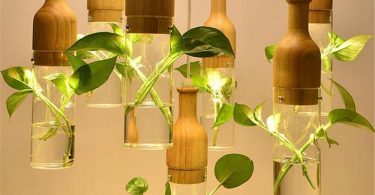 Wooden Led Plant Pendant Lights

...

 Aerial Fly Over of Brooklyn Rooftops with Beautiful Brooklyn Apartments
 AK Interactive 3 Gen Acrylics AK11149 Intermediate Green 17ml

→ **What you will do**
Look above for the line with "Aerial Fly Over" and the line with "AK Interactive 3", and reproduce exactly those two lines plus every line between, nothing more.

→ **Reply**
 Aerial Fly Over of Brooklyn Rooftops with Beautiful Brooklyn Apartments
 AK Interactive 3 Gen Acrylics AK11149 Intermediate Green 17ml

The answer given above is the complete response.